Harper does the bra thing too! She comes to school with me in my sweater every day and it's her favorite thing. Now, if I put a sweater on, she INSISTS that she be allowed to climb in. She knows it's time to go somewhere and she won't be left behind.

She also has a super fun habit of dragging her sleeping bags through her water dish, getting them wet, and then being mad about it. Lucky my reserves are deep, but still can't figure out why she does it!


----------



## cardiologineer (Sep 29, 2012)

I think this picture pretty much sums up why my hedgehog is weird. Not only does she all the sudden love climbing under her wheel again, but last night she climbed in between the two layers of paper towel in her little box.

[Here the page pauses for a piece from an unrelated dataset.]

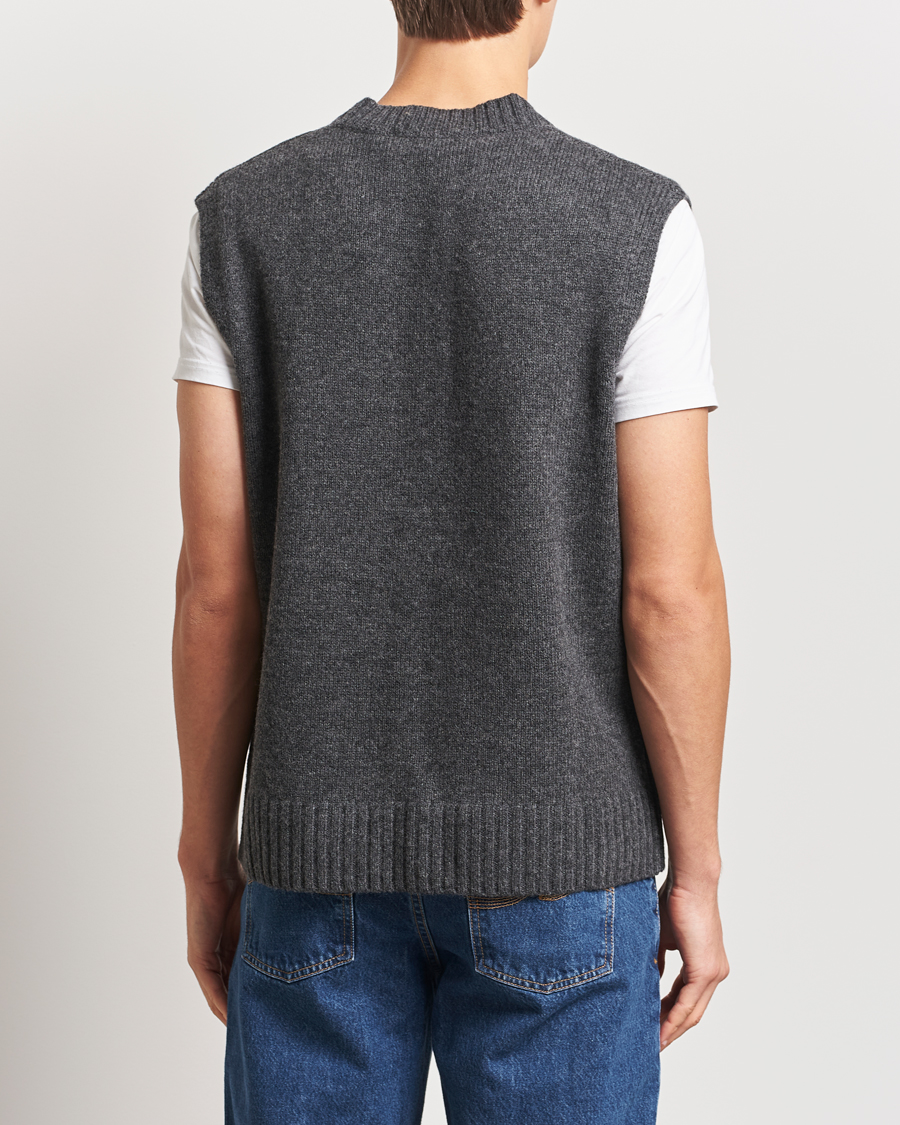 Herre | Trøjer | A Day's March | Wigtown Lambswool V-Neck Vest Charcoal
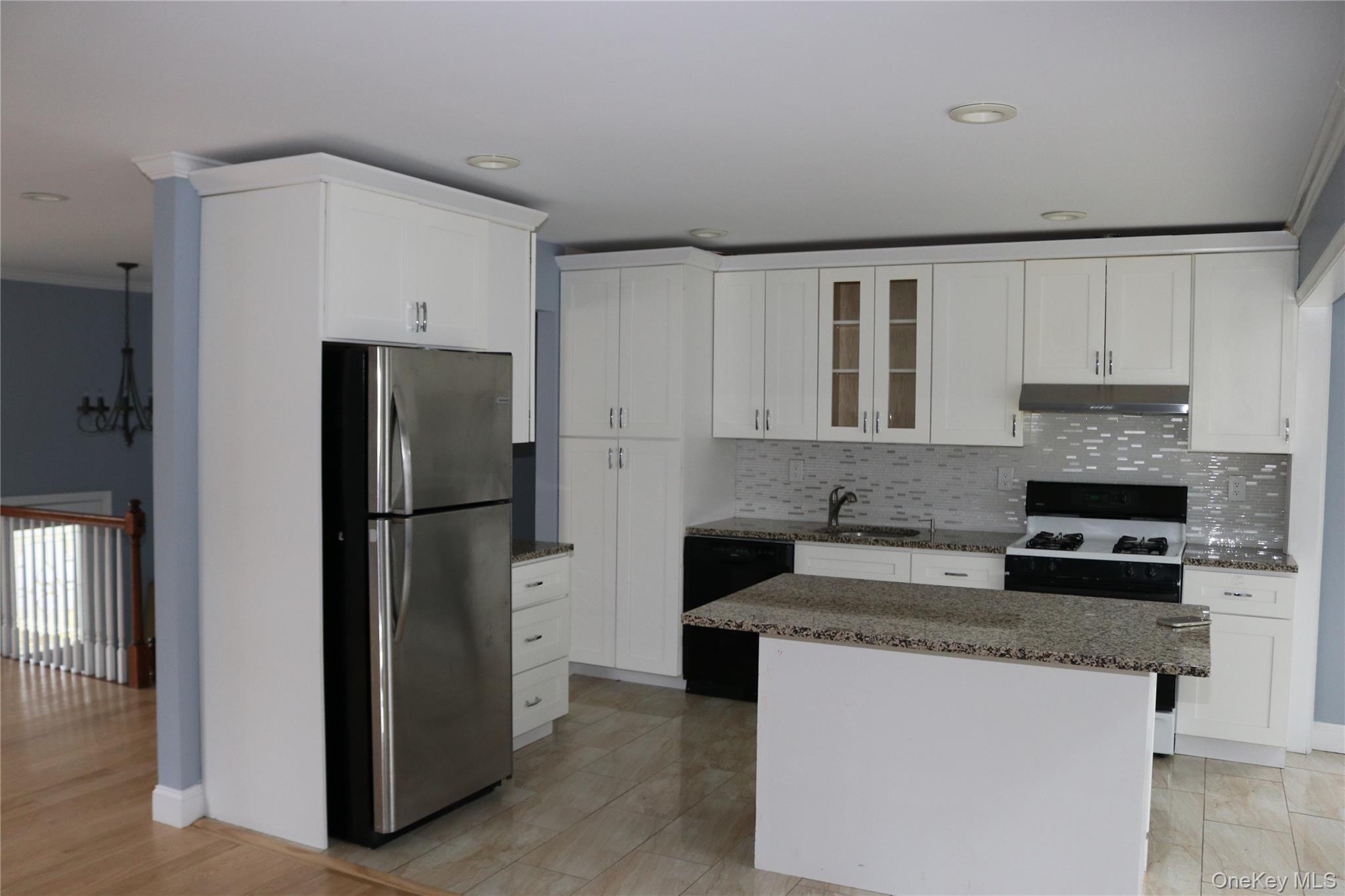 7 Southpark Drive, Garnerville, NY 10923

And she had to climb in there from the back or sides because the front had the fold.


----------



## alexvdl (Dec 19, 2012)

Kids make forts all the time, right?


----------



## lizardpeter (Jan 8, 2013)

When I first got Maxie, I didn't have too many toys for him so I gave him a red lei. He didn't play with it much but now he LOVES it. If I leave it outside of his igloo, he'll grab it and wrap himself in it and sleep. He loves to wear his little red lei!!


----------



## lizardpeter (Jan 8, 2013)

And just to add: I don't let him sleep at night with the lei just in case he really gets wrapped up in it. I watch him with the red lei to make sure he doesn't hurt himself!


----------



## momIImany (Oct 14, 2012)

That is so cute to see him with the red lei.


----------



## kvmommy (Feb 2, 2013)

I can join in now! My girl is weird because she is 6 weeks old today, has never been on a wheel in her life, and from the moment she stepped foot in it today, she is obsessed with running. She's also weird because she likes to huff and prickle at me like i'm going to eat her one second, the next she is all over me and in my business...then she's back to huffing and prickling. She is wondrously adorable!


----------



## JorjaCrackers (Aug 5, 2012)

Jorja runs so furiously on her wheel at night that I have to check her CHE every morning. She knocks it loose out of the socket every once in a while and I come out to find her cage cold! It scares me, but she has had a good night running and is all snuggled up under the CHE safe and content. It's just enough to loose contact with the element. She also makes this adorable little bubbly noise when she walks and runs, it's a very happy noise.


----------



## jholstein11 (Dec 13, 2012)

I gave Mr. Prickles a quick foot bath, but I couldn't find his usual wash. I just used a squirt of my hand soap.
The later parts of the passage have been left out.